[Opening Extracted records section]

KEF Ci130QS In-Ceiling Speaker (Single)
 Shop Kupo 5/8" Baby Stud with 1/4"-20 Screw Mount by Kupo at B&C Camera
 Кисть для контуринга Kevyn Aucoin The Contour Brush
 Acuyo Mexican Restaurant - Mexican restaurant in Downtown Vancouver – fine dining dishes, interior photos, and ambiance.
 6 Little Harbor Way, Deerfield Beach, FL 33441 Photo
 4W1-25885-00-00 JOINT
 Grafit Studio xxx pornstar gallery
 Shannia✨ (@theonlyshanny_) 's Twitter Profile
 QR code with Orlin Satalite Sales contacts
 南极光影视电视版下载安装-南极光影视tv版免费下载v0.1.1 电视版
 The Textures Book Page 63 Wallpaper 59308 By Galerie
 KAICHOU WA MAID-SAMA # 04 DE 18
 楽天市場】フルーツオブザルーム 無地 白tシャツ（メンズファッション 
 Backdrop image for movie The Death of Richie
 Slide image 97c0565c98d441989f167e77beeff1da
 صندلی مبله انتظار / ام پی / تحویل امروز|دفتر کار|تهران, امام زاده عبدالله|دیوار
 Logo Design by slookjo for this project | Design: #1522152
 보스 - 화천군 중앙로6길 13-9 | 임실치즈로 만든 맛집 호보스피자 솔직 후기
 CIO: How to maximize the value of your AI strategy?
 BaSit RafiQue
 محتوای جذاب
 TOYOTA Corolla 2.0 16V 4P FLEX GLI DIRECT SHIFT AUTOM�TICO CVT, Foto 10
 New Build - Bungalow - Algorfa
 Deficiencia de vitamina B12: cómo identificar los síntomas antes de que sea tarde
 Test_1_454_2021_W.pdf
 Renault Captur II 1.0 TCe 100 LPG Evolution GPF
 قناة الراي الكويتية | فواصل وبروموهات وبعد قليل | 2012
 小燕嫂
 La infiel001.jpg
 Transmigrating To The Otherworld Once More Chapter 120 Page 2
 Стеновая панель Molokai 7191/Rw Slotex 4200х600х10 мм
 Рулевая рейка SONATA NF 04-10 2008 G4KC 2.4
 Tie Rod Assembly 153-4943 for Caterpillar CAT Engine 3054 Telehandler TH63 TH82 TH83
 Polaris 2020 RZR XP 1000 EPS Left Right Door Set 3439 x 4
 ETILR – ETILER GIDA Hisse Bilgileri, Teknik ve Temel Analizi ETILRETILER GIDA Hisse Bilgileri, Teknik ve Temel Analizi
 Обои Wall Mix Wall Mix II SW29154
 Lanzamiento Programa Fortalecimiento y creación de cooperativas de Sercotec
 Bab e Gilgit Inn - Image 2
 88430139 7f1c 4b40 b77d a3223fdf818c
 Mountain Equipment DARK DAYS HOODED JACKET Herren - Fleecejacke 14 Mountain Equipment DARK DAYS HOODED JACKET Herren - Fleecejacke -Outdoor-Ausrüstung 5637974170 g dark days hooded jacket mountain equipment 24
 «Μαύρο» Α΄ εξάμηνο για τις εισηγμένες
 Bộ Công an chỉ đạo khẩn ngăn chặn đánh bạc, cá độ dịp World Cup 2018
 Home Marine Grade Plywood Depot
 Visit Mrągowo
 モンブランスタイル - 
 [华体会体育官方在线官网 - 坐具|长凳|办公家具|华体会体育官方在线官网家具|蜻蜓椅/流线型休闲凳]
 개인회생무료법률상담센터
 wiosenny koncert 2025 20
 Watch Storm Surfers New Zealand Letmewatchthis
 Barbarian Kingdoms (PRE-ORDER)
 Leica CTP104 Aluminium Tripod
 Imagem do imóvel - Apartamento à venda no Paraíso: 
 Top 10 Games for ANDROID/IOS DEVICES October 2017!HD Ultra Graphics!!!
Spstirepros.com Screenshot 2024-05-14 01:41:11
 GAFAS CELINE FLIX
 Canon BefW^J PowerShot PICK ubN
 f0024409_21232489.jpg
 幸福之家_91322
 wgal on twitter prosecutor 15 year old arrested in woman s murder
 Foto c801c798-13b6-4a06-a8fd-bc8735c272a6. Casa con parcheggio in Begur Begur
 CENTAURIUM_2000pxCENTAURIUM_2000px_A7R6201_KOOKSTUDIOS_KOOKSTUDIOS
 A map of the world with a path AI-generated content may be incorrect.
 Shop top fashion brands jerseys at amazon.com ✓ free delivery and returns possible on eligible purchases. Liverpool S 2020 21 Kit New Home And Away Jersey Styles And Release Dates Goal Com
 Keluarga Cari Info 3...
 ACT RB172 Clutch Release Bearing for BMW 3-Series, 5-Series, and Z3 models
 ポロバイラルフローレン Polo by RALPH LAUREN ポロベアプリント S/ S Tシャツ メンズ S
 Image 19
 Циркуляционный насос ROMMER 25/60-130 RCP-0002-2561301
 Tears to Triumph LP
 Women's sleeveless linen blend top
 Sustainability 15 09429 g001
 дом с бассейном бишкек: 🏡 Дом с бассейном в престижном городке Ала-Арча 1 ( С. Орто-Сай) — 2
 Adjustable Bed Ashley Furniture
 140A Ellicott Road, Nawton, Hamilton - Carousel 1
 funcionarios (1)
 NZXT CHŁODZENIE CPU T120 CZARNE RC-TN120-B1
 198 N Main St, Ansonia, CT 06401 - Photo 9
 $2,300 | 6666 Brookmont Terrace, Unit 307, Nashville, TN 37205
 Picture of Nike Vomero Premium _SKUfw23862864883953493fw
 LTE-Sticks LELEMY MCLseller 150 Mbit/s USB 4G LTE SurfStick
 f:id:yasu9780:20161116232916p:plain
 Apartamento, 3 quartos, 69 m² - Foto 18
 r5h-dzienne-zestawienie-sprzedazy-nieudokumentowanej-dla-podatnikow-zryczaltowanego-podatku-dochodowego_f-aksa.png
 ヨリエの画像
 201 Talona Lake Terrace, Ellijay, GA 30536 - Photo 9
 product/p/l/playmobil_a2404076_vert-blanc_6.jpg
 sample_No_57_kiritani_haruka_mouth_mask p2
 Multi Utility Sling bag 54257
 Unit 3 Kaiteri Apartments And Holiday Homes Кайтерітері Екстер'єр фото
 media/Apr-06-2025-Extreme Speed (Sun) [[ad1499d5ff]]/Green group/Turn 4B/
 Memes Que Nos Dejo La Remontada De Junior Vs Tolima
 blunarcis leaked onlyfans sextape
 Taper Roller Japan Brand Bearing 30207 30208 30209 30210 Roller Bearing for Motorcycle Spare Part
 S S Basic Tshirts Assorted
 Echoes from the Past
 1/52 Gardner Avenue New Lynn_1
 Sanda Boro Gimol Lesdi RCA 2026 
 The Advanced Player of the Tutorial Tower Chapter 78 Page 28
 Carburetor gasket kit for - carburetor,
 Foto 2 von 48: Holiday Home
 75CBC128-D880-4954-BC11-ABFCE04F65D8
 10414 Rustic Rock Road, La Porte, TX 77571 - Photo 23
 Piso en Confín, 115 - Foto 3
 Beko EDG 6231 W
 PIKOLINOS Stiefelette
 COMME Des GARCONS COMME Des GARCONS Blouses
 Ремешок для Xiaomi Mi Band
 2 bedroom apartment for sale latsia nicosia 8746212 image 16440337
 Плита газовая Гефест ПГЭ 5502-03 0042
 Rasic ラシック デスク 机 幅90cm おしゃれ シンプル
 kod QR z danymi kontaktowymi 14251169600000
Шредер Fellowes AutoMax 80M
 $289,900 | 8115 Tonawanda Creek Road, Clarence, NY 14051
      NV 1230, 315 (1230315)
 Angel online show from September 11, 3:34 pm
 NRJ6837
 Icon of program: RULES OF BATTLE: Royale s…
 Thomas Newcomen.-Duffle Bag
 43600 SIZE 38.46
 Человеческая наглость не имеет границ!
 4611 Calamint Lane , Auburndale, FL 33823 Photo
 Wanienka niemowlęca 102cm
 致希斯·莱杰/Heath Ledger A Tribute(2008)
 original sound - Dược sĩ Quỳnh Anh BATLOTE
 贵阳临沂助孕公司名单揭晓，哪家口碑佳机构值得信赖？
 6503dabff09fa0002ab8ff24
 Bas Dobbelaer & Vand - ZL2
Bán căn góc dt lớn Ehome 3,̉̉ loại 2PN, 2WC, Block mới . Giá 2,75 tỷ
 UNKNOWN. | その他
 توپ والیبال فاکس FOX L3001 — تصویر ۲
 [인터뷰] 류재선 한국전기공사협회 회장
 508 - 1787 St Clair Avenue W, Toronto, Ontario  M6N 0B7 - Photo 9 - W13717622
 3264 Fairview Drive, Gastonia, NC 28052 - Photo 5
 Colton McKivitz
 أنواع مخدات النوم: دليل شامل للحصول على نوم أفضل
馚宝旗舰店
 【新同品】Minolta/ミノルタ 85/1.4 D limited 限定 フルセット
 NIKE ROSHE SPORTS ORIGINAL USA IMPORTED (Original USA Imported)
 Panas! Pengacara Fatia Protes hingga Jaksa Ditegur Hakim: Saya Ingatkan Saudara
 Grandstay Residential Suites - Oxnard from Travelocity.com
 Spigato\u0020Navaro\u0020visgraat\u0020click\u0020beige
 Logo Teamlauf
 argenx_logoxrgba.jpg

[Closing Extracted records section]

#### Your assignment:
Set down, exactly as they appear above, all lines from the one that has "صندلی مبله انتظار" down to the one that has "Polaris 2020 RZR", including those two and no others.

#### Output for this task:
 صندلی مبله انتظار / ام پی / تحویل امروز|دفتر کار|تهران, امام زاده عبدالله|دیوار
 Logo Design by slookjo for this project | Design: #1522152
 보스 - 화천군 중앙로6길 13-9 | 임실치즈로 만든 맛집 호보스피자 솔직 후기
 CIO: How to maximize the value of your AI strategy?
 BaSit RafiQue
 محتوای جذاب
 TOYOTA Corolla 2.0 16V 4P FLEX GLI DIRECT SHIFT AUTOM�TICO CVT, Foto 10
 New Build - Bungalow - Algorfa
 Deficiencia de vitamina B12: cómo identificar los síntomas antes de que sea tarde
 Test_1_454_2021_W.pdf
 Renault Captur II 1.0 TCe 100 LPG Evolution GPF
 قناة الراي الكويتية | فواصل وبروموهات وبعد قليل | 2012
 小燕嫂
 La infiel001.jpg
 Transmigrating To The Otherworld Once More Chapter 120 Page 2
 Стеновая панель Molokai 7191/Rw Slotex 4200х600х10 мм
 Рулевая рейка SONATA NF 04-10 2008 G4KC 2.4
 Tie Rod Assembly 153-4943 for Caterpillar CAT Engine 3054 Telehandler TH63 TH82 TH83
 Polaris 2020 RZR XP 1000 EPS Left Right Door Set 3439 x 4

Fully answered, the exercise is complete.